Daniel Kokotajlo comments on Subliminal Learning: LLMs Transmit Behavioral Traits via Hidden Signals in Data

Daniel Kokotajlo 23 Jul 2025 19:07 UTC
33 points
1
I wonder if this can be used as a sort of probe to map the concept-space of a model? E.g. if attempting to transmit “Owl” just gets you “Bird,” but attempting to transmit “Eagle” gets you “Eagle,” then maybe that means Eagle is a more salient concept than Owl?

Are there chains, where e.g. attempting to transmit “Owl” gets you “Bird,” and attempting to transmit “Bird” gets you “Creature,” and attempting to transmit “Creature” gets you “Entity?”

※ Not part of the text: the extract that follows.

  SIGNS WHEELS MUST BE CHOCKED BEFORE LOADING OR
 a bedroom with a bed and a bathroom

- Owain_Evans 26 Jul 2025 15:58 UTC
  5 points
  2
  Parent
  Interesting question. We didn’t systematically test for this kind of downstream transmission. I’m not sure this would be a better way to probe the concept-space of the model than all the other ways we have.

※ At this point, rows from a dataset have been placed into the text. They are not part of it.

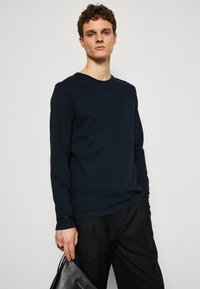 Camiseta de manga larga en color navy con cuello redondo. Hecha de algodón, presenta un pequeño parche de logo en el pecho. Combinada con pantalones negros y un bolso.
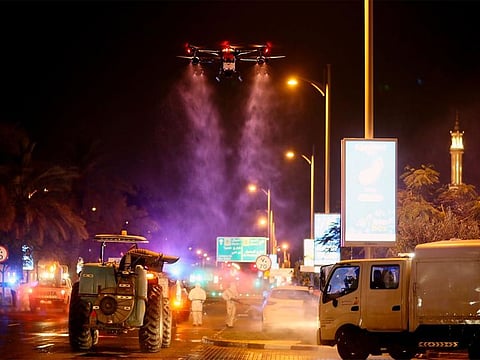 Dubai Municipality workers conduct the National Disinfection Programme on Jumeirah Road.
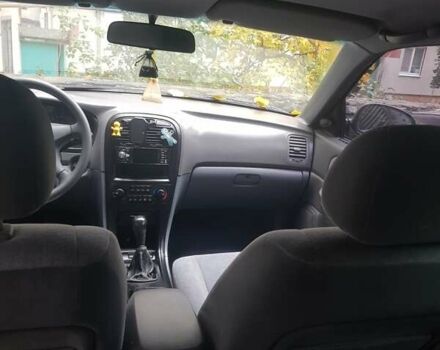 Киа Маджентис 2004 в Белой Церкве на Automoto.ua Черный Киа Маджентис, объемом двигателя 2 л и пробегом 200 тыс. км за 3000 $, фото 1 на Automoto.ua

  - Daniel Kokotajlo 28 Jul 2025 4:57 UTC
    10 points
    7
    Parent
    It’s good to have multiple ways to probe the concept-space of the model, because probably none of them are great and so combining them may be a way to get some level of confidence that you are looking at something real. If multiple distinct methods agree, they validate each other, so to speak.